CISA's Roadmap for Artificial Intelligence FAQs
As noted in the landmark Executive Order 14110, “Safe, Secure, And Trustworthy Development and Use of Artificial Intelligence (AI),” signed by the President on October 30, 2023, “AI must be safe and secure.” As the nation’s cyber defense agency and the national coordinator for critical infrastructure security and resilience, CISA will play a key role in addressing and managing risks at the nexus of AI, cybersecurity, and critical infrastructure. This “2023-2024 Roadmap for Artificial Intelligence” serves as a guide for CISA’s AI-related efforts, ensuring both internal coherence as well as alignment with the whole-of-government AI strategy. This roadmap incorporates key CISA-led actions as directed by Executive Order 14110, along with additional actions CISA is leading to promote AI security and support critical infrastructure owners and operators as they navigate the adoption of AI.
Frequently Asked Questions (FAQs)
- What is CISA’s role in ensuring AI is safe, secure, and resilient?
CISA’s mission sits at the intersection of strengthening cybersecurity and protecting critical infrastructure and therefore plays a key role in advancing the Administration’s goal of ensuring that AI is safe, secure, and resilient. For the key actions CISA will take, our role will be to assess possible risks to critical infrastructure related to the use of AI and provide guidance to owners and operators of critical infrastructure and other key stakeholders. Additionally, we will work to capitalize on AI’s potential to improve U.S. cyber defenses and develop recommendations for red teaming AI systems.
- What is CISA’s role under EO 14110?
Signed by the President on October 30, 2023, Executive Order (EO) 14110, “Safe, Secure, And Trustworthy Development and Use of Artificial Intelligence (AI),” calls on the federal government to ensure that “AI must be safe and secure.” As the nation’s cyber defense agency, CISA has a key role in helping critical infrastructure stakeholders and the rest of the federal government leverage AI benefits while mitigating potential risks posed by this technology.
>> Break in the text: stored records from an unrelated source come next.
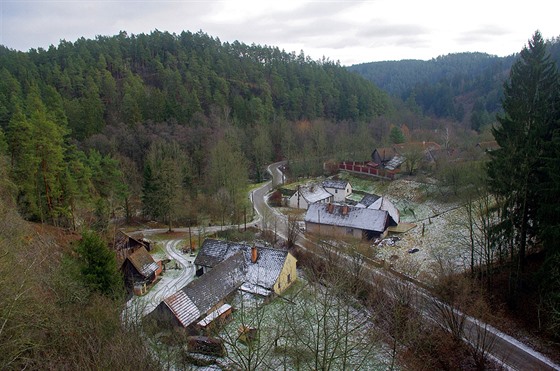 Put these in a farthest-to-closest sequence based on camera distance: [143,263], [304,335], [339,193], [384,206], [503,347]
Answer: [339,193]
[384,206]
[143,263]
[503,347]
[304,335]

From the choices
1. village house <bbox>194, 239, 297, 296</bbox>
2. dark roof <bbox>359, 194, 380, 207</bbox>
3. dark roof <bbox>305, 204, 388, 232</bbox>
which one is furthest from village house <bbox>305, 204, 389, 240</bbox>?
village house <bbox>194, 239, 297, 296</bbox>

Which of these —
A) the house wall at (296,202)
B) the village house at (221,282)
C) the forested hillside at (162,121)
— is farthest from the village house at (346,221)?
the village house at (221,282)

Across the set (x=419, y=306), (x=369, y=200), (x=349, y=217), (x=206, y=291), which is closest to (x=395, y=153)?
(x=369, y=200)

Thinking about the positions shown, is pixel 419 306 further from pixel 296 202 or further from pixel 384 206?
pixel 296 202

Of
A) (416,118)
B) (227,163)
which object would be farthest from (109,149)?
(416,118)

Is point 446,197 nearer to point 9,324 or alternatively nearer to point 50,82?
point 9,324

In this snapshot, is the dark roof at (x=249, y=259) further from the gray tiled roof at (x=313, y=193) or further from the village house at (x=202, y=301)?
the gray tiled roof at (x=313, y=193) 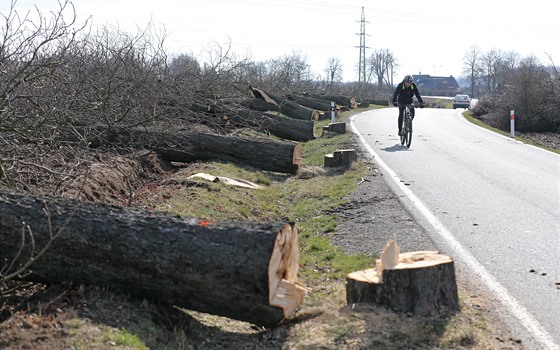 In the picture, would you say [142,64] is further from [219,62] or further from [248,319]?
[248,319]

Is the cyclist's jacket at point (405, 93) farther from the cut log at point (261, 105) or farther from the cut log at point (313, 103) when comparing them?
the cut log at point (313, 103)

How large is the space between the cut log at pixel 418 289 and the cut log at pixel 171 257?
2.07 ft

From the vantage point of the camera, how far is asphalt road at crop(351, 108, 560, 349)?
582 centimetres

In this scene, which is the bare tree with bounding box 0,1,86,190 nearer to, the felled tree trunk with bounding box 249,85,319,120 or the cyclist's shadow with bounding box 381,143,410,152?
the cyclist's shadow with bounding box 381,143,410,152

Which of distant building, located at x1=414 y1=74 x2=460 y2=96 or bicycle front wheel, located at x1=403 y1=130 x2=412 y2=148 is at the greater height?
distant building, located at x1=414 y1=74 x2=460 y2=96

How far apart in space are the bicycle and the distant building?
12575 cm

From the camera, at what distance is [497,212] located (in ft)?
30.3

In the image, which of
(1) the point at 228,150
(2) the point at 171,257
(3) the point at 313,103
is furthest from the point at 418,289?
(3) the point at 313,103

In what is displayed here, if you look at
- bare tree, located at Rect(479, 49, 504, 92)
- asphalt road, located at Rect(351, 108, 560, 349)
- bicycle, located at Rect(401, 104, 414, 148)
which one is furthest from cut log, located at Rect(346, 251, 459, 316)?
bare tree, located at Rect(479, 49, 504, 92)

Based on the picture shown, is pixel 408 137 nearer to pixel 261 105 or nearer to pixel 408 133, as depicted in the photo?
pixel 408 133

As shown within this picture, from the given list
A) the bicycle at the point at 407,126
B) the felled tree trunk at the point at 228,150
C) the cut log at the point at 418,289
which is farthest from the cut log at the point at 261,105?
the cut log at the point at 418,289

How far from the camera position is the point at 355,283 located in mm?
5504

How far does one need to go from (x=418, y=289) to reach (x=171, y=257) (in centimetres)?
192

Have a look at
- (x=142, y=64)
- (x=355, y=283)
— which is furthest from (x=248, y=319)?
(x=142, y=64) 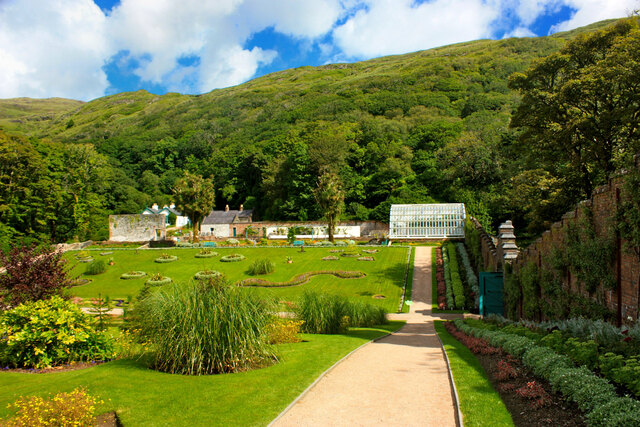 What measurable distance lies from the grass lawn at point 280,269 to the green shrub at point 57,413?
697 inches

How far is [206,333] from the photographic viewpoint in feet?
26.3

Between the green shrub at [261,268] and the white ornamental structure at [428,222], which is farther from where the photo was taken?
the white ornamental structure at [428,222]

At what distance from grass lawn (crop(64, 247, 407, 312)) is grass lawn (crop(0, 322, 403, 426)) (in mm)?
14976

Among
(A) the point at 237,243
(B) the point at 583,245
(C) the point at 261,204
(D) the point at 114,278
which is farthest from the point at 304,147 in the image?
(B) the point at 583,245

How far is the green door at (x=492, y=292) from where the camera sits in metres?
18.6

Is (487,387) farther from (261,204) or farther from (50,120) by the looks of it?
(50,120)

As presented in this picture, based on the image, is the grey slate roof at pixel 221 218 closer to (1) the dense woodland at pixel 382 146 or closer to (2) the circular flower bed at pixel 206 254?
(1) the dense woodland at pixel 382 146

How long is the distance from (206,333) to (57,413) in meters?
3.05

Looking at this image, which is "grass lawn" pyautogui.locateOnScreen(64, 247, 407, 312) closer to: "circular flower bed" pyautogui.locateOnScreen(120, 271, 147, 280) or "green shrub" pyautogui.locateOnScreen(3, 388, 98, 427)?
"circular flower bed" pyautogui.locateOnScreen(120, 271, 147, 280)

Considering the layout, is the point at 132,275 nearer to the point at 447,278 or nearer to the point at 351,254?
the point at 351,254

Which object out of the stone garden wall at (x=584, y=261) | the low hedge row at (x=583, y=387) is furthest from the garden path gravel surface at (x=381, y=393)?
the stone garden wall at (x=584, y=261)

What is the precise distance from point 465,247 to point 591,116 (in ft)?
60.0

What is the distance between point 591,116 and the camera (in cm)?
1948

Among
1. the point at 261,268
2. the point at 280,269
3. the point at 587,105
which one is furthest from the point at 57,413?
the point at 280,269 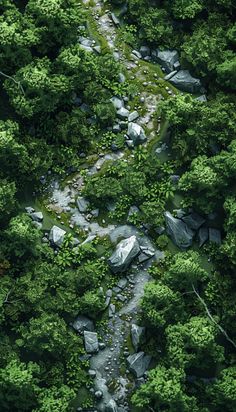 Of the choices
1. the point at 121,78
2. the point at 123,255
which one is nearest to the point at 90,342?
the point at 123,255

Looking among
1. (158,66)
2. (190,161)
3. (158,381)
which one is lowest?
(158,381)

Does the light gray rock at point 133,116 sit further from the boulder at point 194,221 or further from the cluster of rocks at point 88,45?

CISA’s responsibilities under EO 14110 include:
- Protecting critical infrastructure: CISA is assessing potential risks related to the use of AI in critical infrastructure sectors, including ways in which deploying AI may make critical infrastructure systems more vulnerable to critical failures, physical attacks, and cyberattacks. The agency will consider ways to mitigate these vulnerabilities and will work with stakeholders inside and outside of government to develop AI safety and security guidance for use by critical infrastructure owners and operators. Additionally, CISA will incorporate the NIST AI Risk Management Framework, as well as other appropriate security guidance, into relevant safety and security guidelines and best practices for use by critical infrastructure owners and operators.
- Assuring AI systems: CISA’s cybersecurity mission includes leading the national effort on cybersecurity for software systems. AI systems are a type of software system. CISA will integrate AI system considerations into existing national cybersecurity efforts, such as advocating that AI systems be secure by design and developing recommendations for red teaming AI systems. In the immediate term, the agency will focus on the intersection between “red teaming” generally and “AI red teaming” in particular, applying software systems testing principles to AI software. As CISA expands its AI security expertise, CISA will incorporate more AI-specific red teaming capabilities into its existing red teaming capabilities.
- Using AI for cyber defense: CISA is capitalizing on AI’s potential to improve U.S. cyber defense. The agency will conduct operational tests to evaluate AI-enabled techniques for finding and addressing vulnerabilities in federal civilian government systems.
- What is AI red teaming?
As defined in Executive Order 14110, ‘AI red teaming’ means “a structured testing effort to find flaws and vulnerabilities in an AI system, often in a controlled environment and in collaboration with developers of AI. [AI] red-teaming is most often performed by dedicated ‘red teams’ that adopt adversarial methods to identify flaws and vulnerabilities, such as harmful or discriminatory outputs from an AI system, unforeseen or undesirable system behaviors, limitations, or potential risks associated with the misuse of the system.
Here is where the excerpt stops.